Résultat, la Minusca court d’un feu de brousse à l’autre. En guise d’impuissance, un haut fonctionnaire de la Minusca s’interroge et partage sa « frustration » : « Comment se projeter sur de mini-théâtres de conflits, lutter contre la multiplication des groupes criminels et sécuriser les couloirs de transhumance où transitent des millions de têtes de bétail ? » « Leur lance de pompier est trop courte », résume un militaire étranger. Les dernières recommandations du Conseil de sécurité illustrent ce dilemme. New York va en effet redéployer des casques bleus vers les zones les plus troublées de l’est et du centre du pays. En conséquence, l’ouest sera dégarni alors que l’insécurité gagne dorénavant cette région jusqu’alors épargnée.
DÉSENGAGEMENTS SUCCESSIFS
Sa tâche est d’autant plus compliquée qu’elle est seule au front depuis le désengagement, en décembre 2016, des 2 500 soldats français de « Sangaris » déployés trois ans plus tôt et dont la force d’intervention et de dissuasion était incomparablement supérieures à celle des casques bleus. Le retrait, début 2017, des soldats ougandais et américains traquant d’autres rebelles, ceux de l’Armée de résistance du Seigneur (LRA), non-Centrafricains – a également créé un vide sécuritaire, à l’est du pays, aux confins de l’Ouganda et du Congo-Kinshasa.
Quant aux Forces armées centrafricaines (FACA), elles ont littéralement explosé après la chute du président François Bozizé en 2013. Cette œuvre de destruction s’est poursuivie avec la prise de pouvoir, par les armes, puis la débandade de la Séléka, l’année suivante. L’Union européenne a certes formé un contingent de 700 hommes, mais ils ne disposent aujourd’hui d’aucun armement. « Nous n’avons aucun moyen pour limiter la contagion de la violence, c’est à la Minusca d’agir », se dédouane le porte-parole du gouvernement, Théodore Jousso.

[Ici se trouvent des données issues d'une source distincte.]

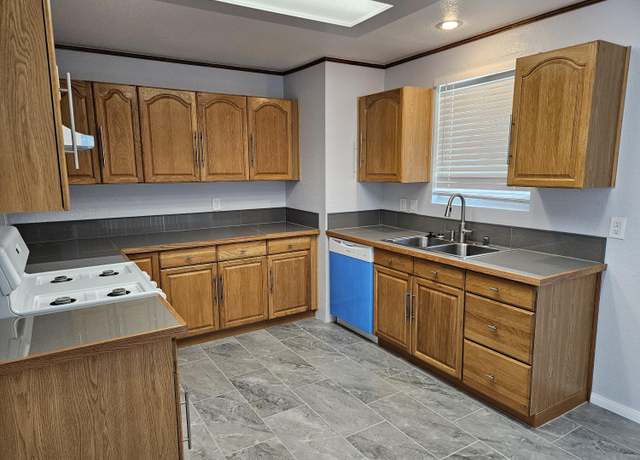 Property at 13337 Cactus Dr, Desert Hot Springs, CA 92240, 2 beds, 1 bath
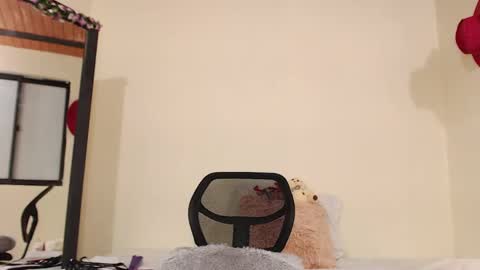 Snapshot of aliceusher_1 chatting on January 16, 2025, 9:08 pm J Ruiz online show from January 16, 2025, 9:08 pm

« C’est de la victimisation, tout serait la faute des étrangers. Or, ici comme ailleurs, les opérations de mission de la paix de l’ONU n’ont pas vocation à se substituer aux forces armées nationales, nous ne sommes pas là pour faire la guerre », rétorque un haut responsable de la Minusca. Le pourrait-elle ? Comme la plupart des missions de la paix déployées dans le monde, les contingents envoyés par les pays contributeurs – les deux principaux, dans ce pays francophone, sont le Pakistan et le Bangladesh avec environ 1 000 hommes chacun – affichent des états de service très inégaux.
Leur réactivité est également ralentie par le système de « double commande ». Un officier du contingent égyptien de la Minusca (750 soldats), par exemple, réfère ainsi, au préalable, à son état-major au Caire avant d’appliquer un ordre venu du commandant en chef des casques bleus à Bangui, en l’occurrence le lieutenant général sénégalais Balla Keïta. Partant de ce constat, la Minusca fait-elle au mieux avec ce qu’elle a ? Quelle est sa stratégie ? « Flottante, mis à part la protection de Bangui », lâche un officier supérieur étranger bon connaisseur de la Centrafrique.